Tip: When using cork as underlayment in moisture-prone areas like bathrooms, basements and kitchens, consider placing it over a plastic sheet that works as the main moisture barrier.


  1. The Subfloor

Your choice of underlayment will also depend on the type of subfloor you’ll be working on. For example, if it’s made of regular concrete or plywood, moisture retention can be a major problem. Both materials allow water to seep in, which can loosen the adhesive and cause mould and mildew growth.

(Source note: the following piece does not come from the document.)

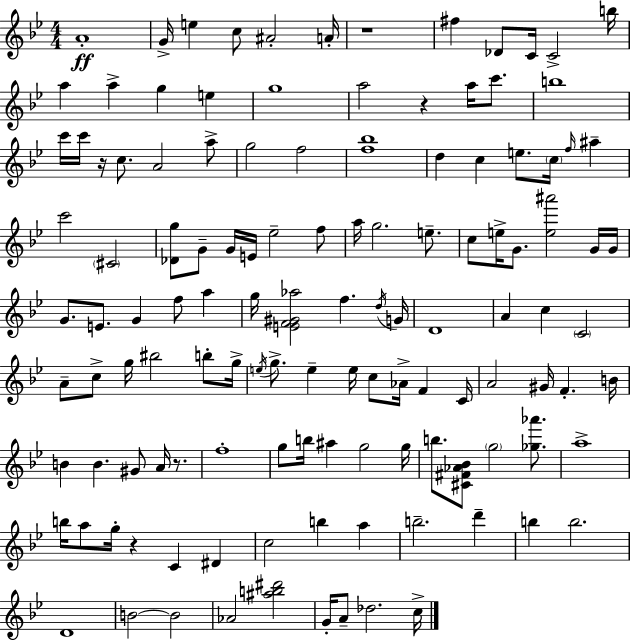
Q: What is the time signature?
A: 4/4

Certain materials are unsuitable as laminate subfloors. These include residential carpets, glued vinyl or any cushioned flooring. If your subfloor is made up of any one of these materials, you must replace it before installing laminate flooring. The best subfloor materials for laminate floors are ceramic, terrazzo, particle board, OSB board, wood not joined with concrete, vinyl not glued to a secondary subfloor and exterior grade plywood.

  1. R-Value

The heat conductivity of any material is its R-value. The higher the R-value of an underlayment, the more thermally resistant it is and, hence, the better its insulating properties. The lower its R-value, the less effective it is as a thermal insulator. Choosing an underlayment material with a high R-value will make your feet feel warmer and more comfortable in winter.

  1. Noise Insulation

Noise reduction is one of the biggest benefits of underlayment, but some materials are better at it than others. Certain areas like bedrooms, classrooms, hospitals and offices need to be quiet and peaceful, at least most of the time. When installing laminate flooring, choose an underlayment material with sound absorption properties to help deaden noise transmission to rooms on the floor below.

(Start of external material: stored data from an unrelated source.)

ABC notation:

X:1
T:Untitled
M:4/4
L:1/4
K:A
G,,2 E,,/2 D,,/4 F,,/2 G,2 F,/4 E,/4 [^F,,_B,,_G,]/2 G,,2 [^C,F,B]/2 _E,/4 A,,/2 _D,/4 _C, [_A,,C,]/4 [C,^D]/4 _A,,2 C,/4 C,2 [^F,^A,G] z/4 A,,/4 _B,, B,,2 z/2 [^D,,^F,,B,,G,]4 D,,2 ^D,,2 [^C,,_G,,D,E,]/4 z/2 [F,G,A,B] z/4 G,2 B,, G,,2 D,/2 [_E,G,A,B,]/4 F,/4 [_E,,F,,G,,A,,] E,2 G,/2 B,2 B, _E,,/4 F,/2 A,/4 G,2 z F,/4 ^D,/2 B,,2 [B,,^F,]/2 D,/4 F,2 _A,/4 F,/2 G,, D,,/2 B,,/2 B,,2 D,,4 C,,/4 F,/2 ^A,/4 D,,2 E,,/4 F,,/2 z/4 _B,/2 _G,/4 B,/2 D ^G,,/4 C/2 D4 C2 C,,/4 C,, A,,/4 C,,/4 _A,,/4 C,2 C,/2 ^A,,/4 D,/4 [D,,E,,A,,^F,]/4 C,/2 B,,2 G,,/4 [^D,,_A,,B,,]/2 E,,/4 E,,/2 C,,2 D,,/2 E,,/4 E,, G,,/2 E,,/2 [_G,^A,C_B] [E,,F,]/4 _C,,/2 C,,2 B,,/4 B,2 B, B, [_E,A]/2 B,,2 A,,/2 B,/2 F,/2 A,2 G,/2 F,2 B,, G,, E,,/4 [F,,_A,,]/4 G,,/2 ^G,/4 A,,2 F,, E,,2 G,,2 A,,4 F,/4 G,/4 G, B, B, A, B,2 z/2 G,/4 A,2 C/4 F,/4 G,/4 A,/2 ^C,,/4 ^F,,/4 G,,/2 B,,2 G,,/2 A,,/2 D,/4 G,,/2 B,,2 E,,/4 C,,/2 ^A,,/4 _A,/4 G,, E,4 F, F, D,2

  1. Antimicrobial Properties

Mould, mildew, dust and bacteria can lead to significant health issues, especially for those with dust allergies or other respiratory problems. If you have a similar concern for yourself or family members, choose an underlayment with antimicrobial properties. Some underlayment materials like Eco Cork Foam (ECF) are infused with antimicrobial protection that inhibits mould and mildew formation to ensure a healthy atmosphere.

  1. Pre-Attached Underlayment

Certain varieties of laminate flooring come with pre-attached underlayment on the backside of the planks or tiles, so you don’t need to install an additional one. Any extra padding will put pressure on the locking system and could even cause it to break. This doesn’t apply to concrete subfloors that need an extra vapour barrier for protection against moisture.


Tip: If your floor needs heat insulation and sound reduction, avoid laminate flooring with pre-attached underlayment. Instead, choose an underlayment of your preference and have it installed professionally.



Depending on your requirements and budget, you can choose cork, foam or a combination of both as your laminate flooring underlayment. While some ready-to-install laminate floors come with peel-and-stick underlayment, others don’t. If you’re in a hurry and don’t have much preference in terms of heat or noise insulation, readymade ones will do. However, if you live on the ground floor and need underlayment that can resist moisture, go for laminate floors with custom underlayment. Only an experienced flooring professional can guide you in picking the best underlayment for your floors.